Pankow wollte den Sportpark nicht weiter nach dem umstrittenen Turnvater Friedrich Ludwig Jahn benennen. Doch der Senat lehnt das jetzt ab.

Von Christian Hönicke

Der Jahn-Sportpark in Prenzlauer Berg soll nicht umbenannt werden. Das erklärte die zuständige Senatsverwaltung für Inneres und Sport in einem Schreiben an das Bezirksamt Pankow. Die Senatsverwaltung beabsichtigt demnach nicht, die Sportanlage umzubenennen.

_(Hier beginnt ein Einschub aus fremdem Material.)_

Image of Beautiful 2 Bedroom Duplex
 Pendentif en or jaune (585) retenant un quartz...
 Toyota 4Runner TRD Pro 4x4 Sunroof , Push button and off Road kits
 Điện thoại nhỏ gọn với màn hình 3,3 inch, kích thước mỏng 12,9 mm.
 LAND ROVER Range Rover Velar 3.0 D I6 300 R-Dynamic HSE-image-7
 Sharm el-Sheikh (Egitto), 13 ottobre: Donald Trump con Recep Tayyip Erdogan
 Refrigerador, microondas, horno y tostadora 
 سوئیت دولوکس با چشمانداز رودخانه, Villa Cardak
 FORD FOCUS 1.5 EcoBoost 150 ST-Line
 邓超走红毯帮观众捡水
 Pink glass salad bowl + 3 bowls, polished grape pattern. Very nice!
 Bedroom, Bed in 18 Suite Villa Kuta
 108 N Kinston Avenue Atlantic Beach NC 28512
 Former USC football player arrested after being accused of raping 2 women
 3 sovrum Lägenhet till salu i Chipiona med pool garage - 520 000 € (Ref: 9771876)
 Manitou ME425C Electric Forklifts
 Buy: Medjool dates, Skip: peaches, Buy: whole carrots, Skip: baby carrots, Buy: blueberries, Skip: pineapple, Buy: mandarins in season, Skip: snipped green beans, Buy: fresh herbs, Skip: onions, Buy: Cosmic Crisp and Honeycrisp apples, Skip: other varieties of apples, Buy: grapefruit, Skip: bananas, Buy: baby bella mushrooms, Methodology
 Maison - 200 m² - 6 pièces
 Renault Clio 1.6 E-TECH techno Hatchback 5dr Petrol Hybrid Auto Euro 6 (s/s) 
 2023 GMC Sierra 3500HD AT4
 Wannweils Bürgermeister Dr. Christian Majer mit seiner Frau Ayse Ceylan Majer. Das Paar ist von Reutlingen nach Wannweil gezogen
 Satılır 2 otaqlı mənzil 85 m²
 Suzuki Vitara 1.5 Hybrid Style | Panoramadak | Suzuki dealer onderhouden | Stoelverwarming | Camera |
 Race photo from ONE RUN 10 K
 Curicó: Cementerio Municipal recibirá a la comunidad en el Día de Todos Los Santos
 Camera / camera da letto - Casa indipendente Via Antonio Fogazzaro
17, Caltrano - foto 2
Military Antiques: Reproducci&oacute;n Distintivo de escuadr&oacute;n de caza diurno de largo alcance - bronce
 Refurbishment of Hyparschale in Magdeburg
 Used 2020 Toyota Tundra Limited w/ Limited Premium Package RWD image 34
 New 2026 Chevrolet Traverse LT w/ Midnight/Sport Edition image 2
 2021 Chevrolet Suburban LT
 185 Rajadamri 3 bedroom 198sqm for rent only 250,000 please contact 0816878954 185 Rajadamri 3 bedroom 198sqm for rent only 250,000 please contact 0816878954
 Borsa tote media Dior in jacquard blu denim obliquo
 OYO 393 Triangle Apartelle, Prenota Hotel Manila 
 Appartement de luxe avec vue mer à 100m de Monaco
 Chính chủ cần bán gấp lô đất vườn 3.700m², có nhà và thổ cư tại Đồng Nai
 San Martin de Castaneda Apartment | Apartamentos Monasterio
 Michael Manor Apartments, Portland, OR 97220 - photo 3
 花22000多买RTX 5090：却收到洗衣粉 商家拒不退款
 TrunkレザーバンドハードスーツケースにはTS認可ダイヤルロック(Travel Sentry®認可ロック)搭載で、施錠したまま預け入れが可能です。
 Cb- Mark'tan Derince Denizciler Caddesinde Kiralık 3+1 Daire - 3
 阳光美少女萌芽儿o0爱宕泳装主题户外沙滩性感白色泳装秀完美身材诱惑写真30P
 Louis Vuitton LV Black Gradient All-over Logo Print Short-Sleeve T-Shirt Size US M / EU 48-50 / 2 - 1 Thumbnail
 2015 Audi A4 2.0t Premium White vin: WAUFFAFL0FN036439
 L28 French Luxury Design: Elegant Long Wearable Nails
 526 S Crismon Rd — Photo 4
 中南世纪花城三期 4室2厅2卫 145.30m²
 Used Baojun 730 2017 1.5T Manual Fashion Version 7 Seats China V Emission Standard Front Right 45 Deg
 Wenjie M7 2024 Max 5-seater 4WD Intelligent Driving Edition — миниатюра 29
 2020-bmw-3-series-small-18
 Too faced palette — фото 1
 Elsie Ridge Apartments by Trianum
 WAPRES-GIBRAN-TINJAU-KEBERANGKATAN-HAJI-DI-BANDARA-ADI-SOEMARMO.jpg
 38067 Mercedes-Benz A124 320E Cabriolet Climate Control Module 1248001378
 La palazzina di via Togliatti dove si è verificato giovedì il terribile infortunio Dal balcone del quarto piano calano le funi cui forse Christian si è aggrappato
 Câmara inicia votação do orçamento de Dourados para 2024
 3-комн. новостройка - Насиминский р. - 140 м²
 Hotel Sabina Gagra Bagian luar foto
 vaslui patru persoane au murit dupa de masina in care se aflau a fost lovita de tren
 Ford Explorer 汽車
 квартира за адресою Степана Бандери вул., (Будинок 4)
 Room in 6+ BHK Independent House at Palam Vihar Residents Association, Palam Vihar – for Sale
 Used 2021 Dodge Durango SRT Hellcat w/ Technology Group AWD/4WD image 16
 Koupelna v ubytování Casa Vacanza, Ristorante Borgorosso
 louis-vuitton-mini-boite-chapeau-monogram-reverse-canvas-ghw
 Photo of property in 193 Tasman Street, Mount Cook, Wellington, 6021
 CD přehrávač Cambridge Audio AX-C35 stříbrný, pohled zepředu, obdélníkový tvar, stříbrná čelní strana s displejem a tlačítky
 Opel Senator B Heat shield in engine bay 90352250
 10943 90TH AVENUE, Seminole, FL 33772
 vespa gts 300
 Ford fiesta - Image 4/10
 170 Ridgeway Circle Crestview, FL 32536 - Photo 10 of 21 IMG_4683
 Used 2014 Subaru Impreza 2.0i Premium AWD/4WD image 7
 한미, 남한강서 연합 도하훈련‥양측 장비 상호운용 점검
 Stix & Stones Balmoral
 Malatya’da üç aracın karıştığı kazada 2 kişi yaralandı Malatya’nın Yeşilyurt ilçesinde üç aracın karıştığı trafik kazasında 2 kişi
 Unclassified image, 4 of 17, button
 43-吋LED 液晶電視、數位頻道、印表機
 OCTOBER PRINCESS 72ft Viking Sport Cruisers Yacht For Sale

Die Pankower Bezirksverordnetenversammlung (BVV) hatte per Beschluss im Juni gefordert, die Umbenennung zu prüfen. „Die Benennung von Sportstätten nach dem ,Turnvater' und bekennenden Antisemiten Friedrich Ludwig Jahn wird inzwischen allgemein kritisch beurteilt“, hieß es im Beschluss. „Deshalb sollte der Senat diese Benennung überprüfen.“ (Der Text stammt aus dem Pankow-Newsletter des Tagesspiegel – den können Sie kostenlos und komplett lesen unter leute.tagesspiegel.de.)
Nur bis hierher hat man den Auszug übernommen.